El Salvador is taking concrete steps to align its coffee production with the European Union’s Deforestation-Free Regulation (EUDR), which will soon become a key requirement for accessing one of its most important export markets. According to the Salvadoran Coffee Institute (ISC), a pilot program launched in partnership with the International Trade Centre has already registered 47 exporters in the Deforestation-Free Trade Gateway (DFTG). In addition, 282 Salvadoran coffee farms have been identified as traceable origins within the platform, while 14 exporters and 30 producers have submitted official documentation.
The EUDR entered into force in 2023 and was initially expected to be enforced in December 2024. However, the EU granted a transitional period. Large and medium-sized companies must comply by December 30, 2025, while small and micro producers will have until June 30, 2026.
The Salvadoran Coffee Institute emphasized that the initiative aims to ensure full regulatory evidence. “We are working jointly with the Ministry of Environment and Natural Resources to establish procedures for issuing deforestation-free certificates to coffee farms,” the institution stated in its latest annual report.

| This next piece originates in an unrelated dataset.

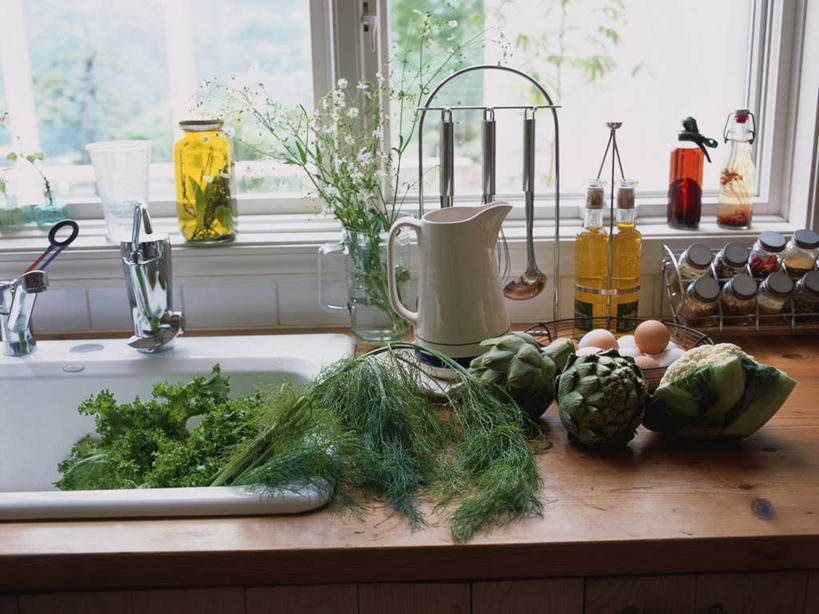 无人,横图,室内,白天,正面,烹饪,植物,厨房,蔬菜,书籍,玻璃,一排,许多,阴影,新鲜,整齐,反射,瓷砖,电器,工具,壶,盆栽,水槽,水龙头,影子,墙,生菜,莴苣,蛋,鸡蛋,食品,盆景,设备,榨汁机,水斗,开关,墙壁,墙面,玻璃制品,水壶,食物,排列,绿色,自然,玻璃瓶,茶壶,瓶子,容器,打开,搅拌,菜谱,有机食品,绿色食品,生长,成长,阀门,研磨,切割,家电,家用电器,开启,队列,榨汁,广口瓶,春菜,鹅仔菜,莴仔菜,千金菜,卵,叶用莴苣,水咀,书,图书,烹调,彩图,灶间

Europe remains a key destination for Salvadoran coffee exports. During the 2024–2025 cycle, 26.6 percent of total exports were shipped to European markets at an average price of $302.62 per quintal, higher than the average received in North America. Data from the Central Reserve Bank shows that Belgium alone purchased $20.2 million worth of Salvadoran coffee between January and September 2025, followed by Germany with $8.02 million and Italy with $7.1 million.